> **Exercise prompt**: Exactly the lines from the one holding "Size 6 black knit uggs never worn" through the last line of the listing below must appear in the answer, and no pictures.

> **Excerpted records**:
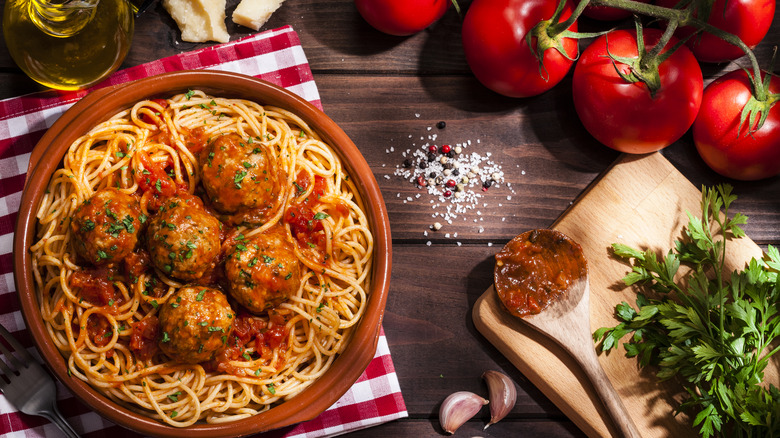 Plate with spaghetti and meatballs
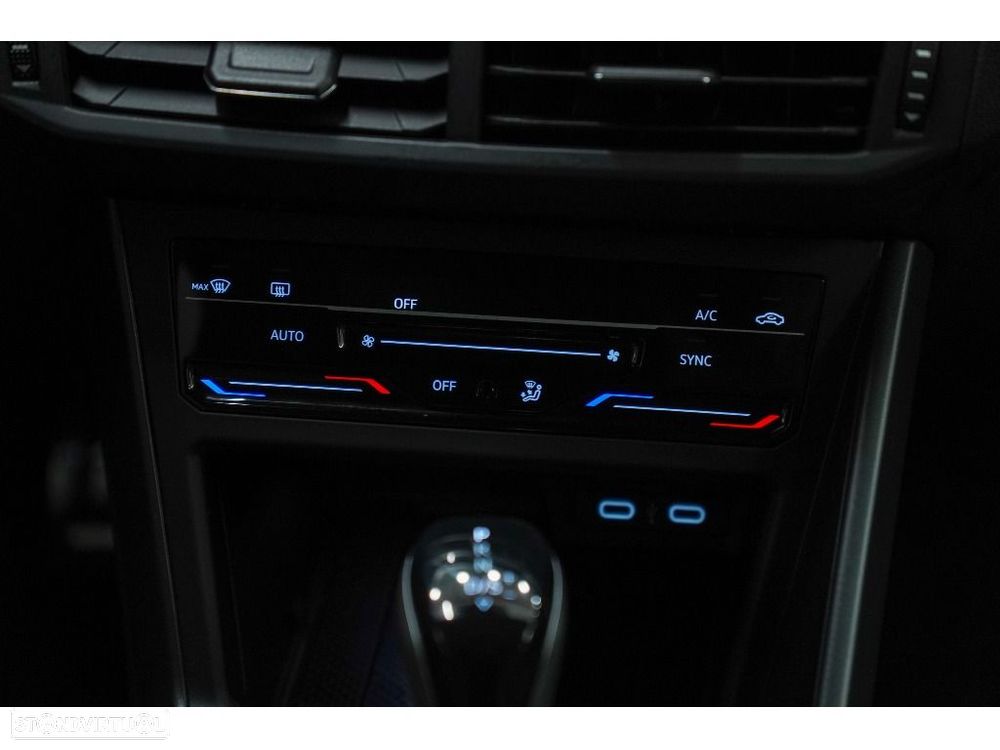 VW Taigo 1.0 TSI R-Line DSG - 30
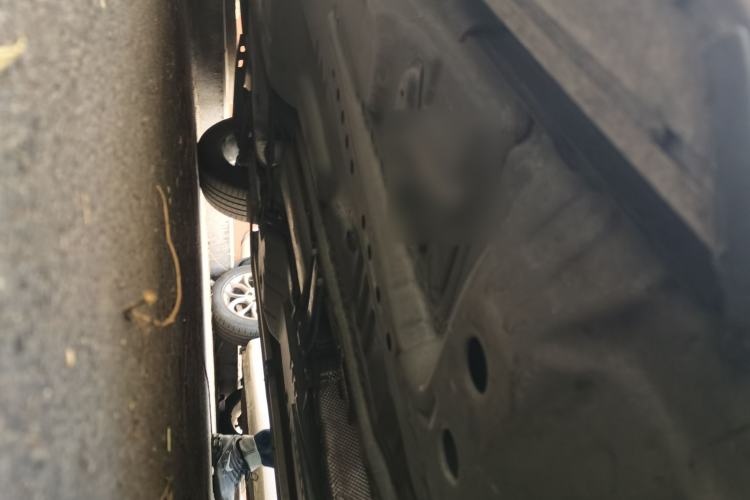 Used Buick Envision 2025 Encore Plus 28T Two-Wheel-Drive Platinum Edition Chassis Front Right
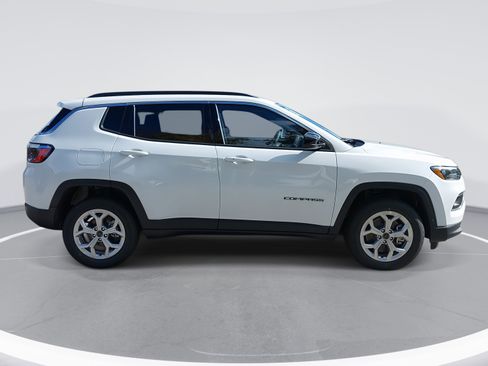 New 2026 Jeep Compass Latitude image 4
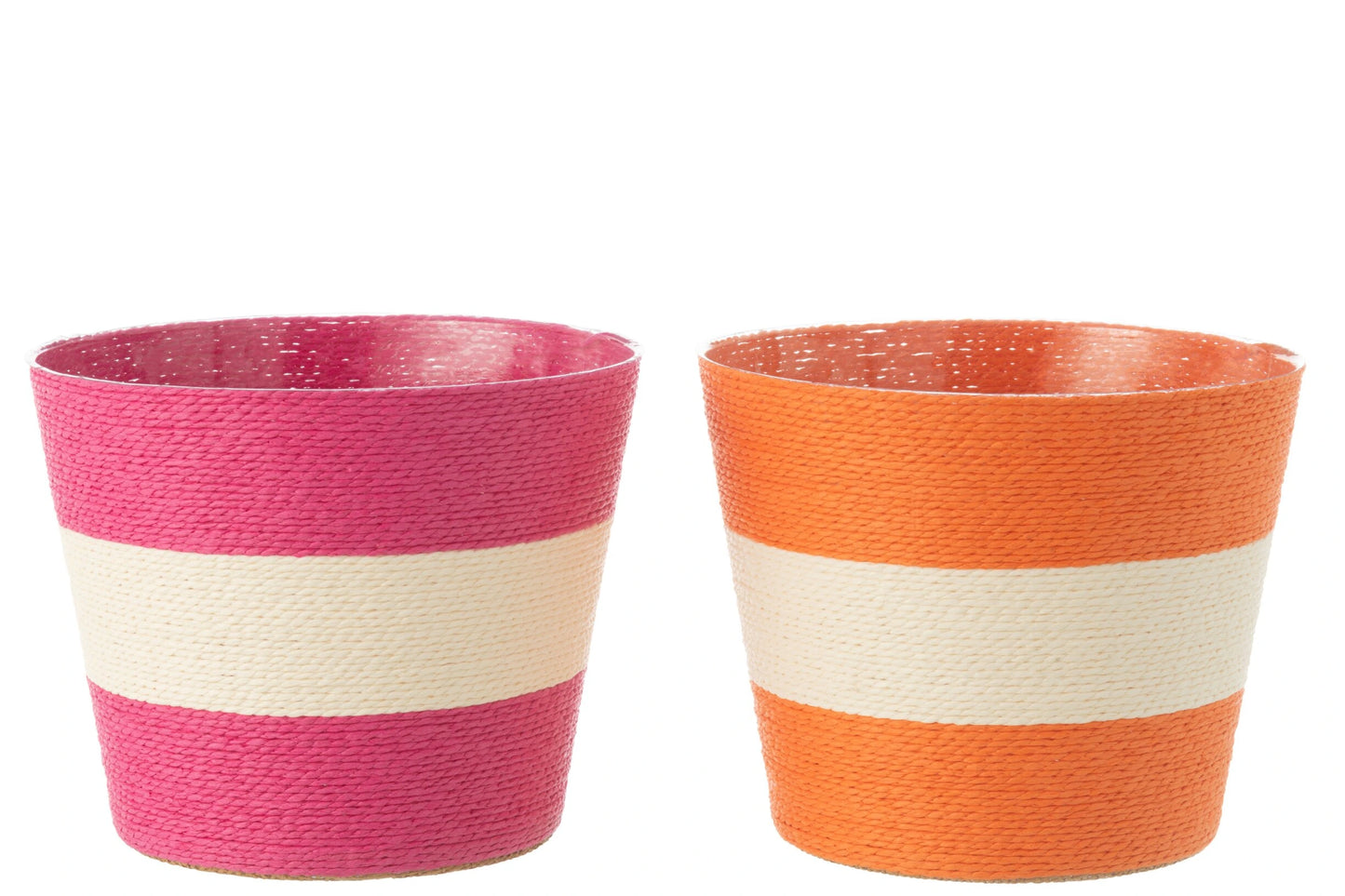 Coppia di vasi portavasi a righe in carta intrecciata firmati Jolipa, caratterizzati da un design ecosostenibile e vivace con ampie bande orizzontali color bianco e fucsia e bianco e arancione. Questi cestini decorativi portafiori offrono una trama materica intrecciata dal gusto naturale, ideale come originale coprivaso per piante o pratico svuotatasche per arredare ambienti interni dallo stile fresco e moderno.
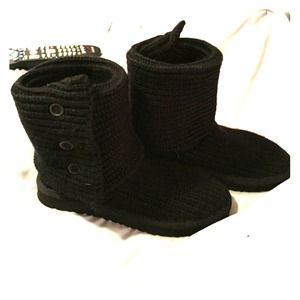 Size 6 black knit uggs never worn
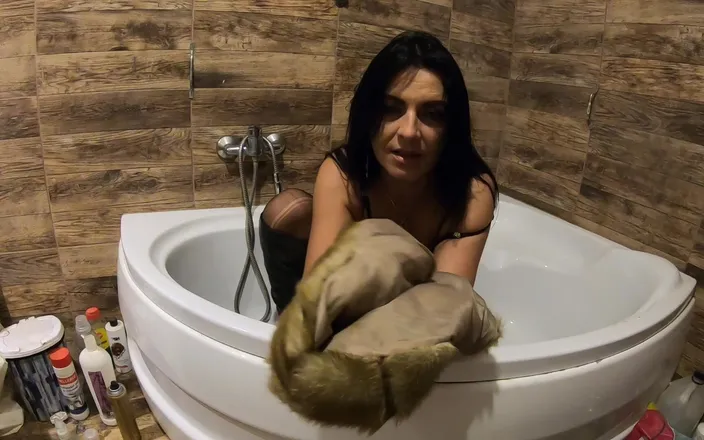 MilfyCalla: Milfycalla- Pee Play in Bathtub While Wearing a Fur Coat...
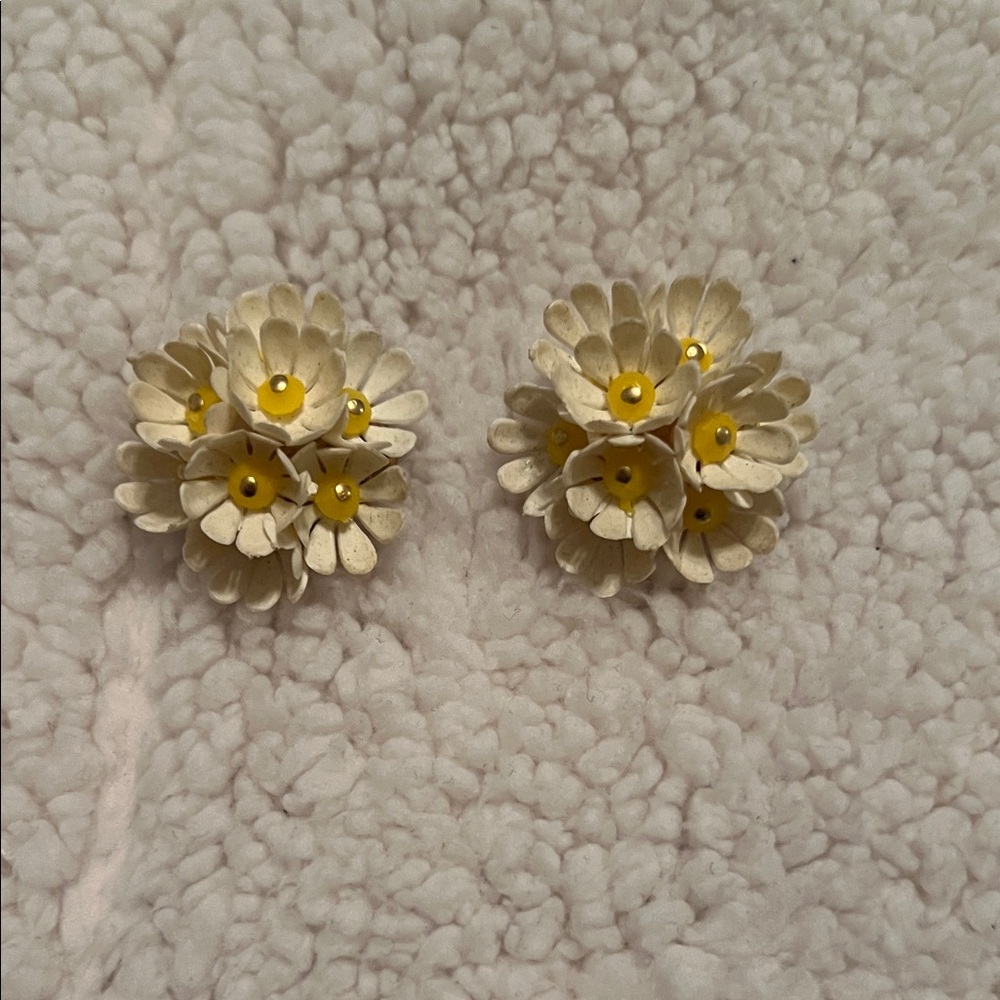 Vintage Floral Cream and Yellow Clip Earrings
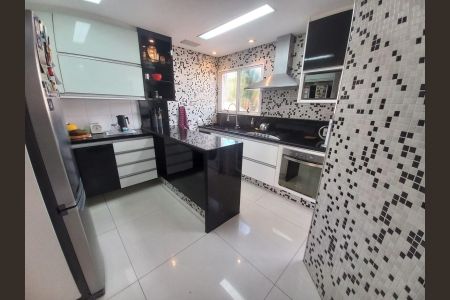 Casa de condomínio à venda com 384m², 4 quartos e 2 vagasCozinha
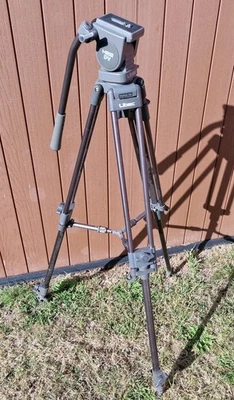 profesional Libec T68 Tripod 75mm Aluminum with H22 DV mount lightweight SLR  - Image 1 of 4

> **Exercise solution**:
 Size 6 black knit uggs never worn
 MilfyCalla: Milfycalla- Pee Play in Bathtub While Wearing a Fur Coat...
 Vintage Floral Cream and Yellow Clip Earrings
 Casa de condomínio à venda com 384m², 4 quartos e 2 vagasCozinha
 profesional Libec T68 Tripod 75mm Aluminum with H22 DV mount lightweight SLR  - Image 1 of 4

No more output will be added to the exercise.